Formation of stem cell spheres after seeding sorted CD44+ CD133+, CD44− CD133−, CD44− CD133+, and CD44+ CD133− cells of the colorectal cancer (CRC) DLD-1 cell line. (a) Left column shows isotype control and right column shows anti-CD44-FITC and anti-CD133-PE antibody double-staining of DLD-1 cells. The quadrants comprising each population are defined as CD44− CD133+, CD44+ CD133+, CD44− CD133−, and CD44+ CD133−, respectively. (b) Representative sphere images of CD44− CD133− cells, CD44− CD133+ cells, CD44+ D133− cells, and CD44+ CD133+ cells are shown from the left to right column, respectively. (c) Sphere numbers determined for CD44− CD133−, CD44− CD133+, CD44+ D133−, and CD44+ CD133+ DLD-1 cells. Data points represent means ± SD (n = 6).

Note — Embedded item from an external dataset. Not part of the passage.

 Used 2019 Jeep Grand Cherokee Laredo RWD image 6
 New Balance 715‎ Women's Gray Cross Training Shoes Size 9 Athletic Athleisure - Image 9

Anti-proliferative effect of FTD on isolated CD44+ CD133+ cells
We next investigated whether FTD was effective against CSC-like CD44+ CD133+ DLD-1 cells. The antiproliferative effect of FTD on these cells was investigated by performing cytotoxicity tests with crystal violet staining on CD44+ CD133+ (depicted in Fig. 1a) and unsorted DLD-1 cells. After 72 h of treatment, FTD was effective against both cell populations, with the calculated IC50 values being 10.7 and 8.9 μM, respectively (Fig. 2a). In contrast, resistance toward 5-FU was higher for CD44+ CD133+ DLD-1 cells (IC50 = 5.5 μM) than for unsorted DLD-1 cells (IC50 = 2.5 μM); the fold-change in IC50 was 2.2 for 5-FU and 1.2 for FTD (Fig. 2b). These results indicate that FTD is effective against a CD44+ CD133+ CSC-like population.
Figure 2.
Antiproliferative effect of trifluridine (FTD) on isolated CD44+ CD133+ cells. Sorted CD44+ CD133+ cells (shown in Fig. 1) and unsorted DLD-1 cells shown here were cultured with various concentrations of FTD (a) and fluorouracil (5-FU) (b). Cell viability was determined using crystal violet staining based on at least three independent experiments. Data points represent means ± SD (n = 3). Blue dashed line represents estimated viability determined for 1 µM FTD and 5-FU; values were estimated using a fitting curve in the logistic model. Red dashed line represents estimated IC50 values.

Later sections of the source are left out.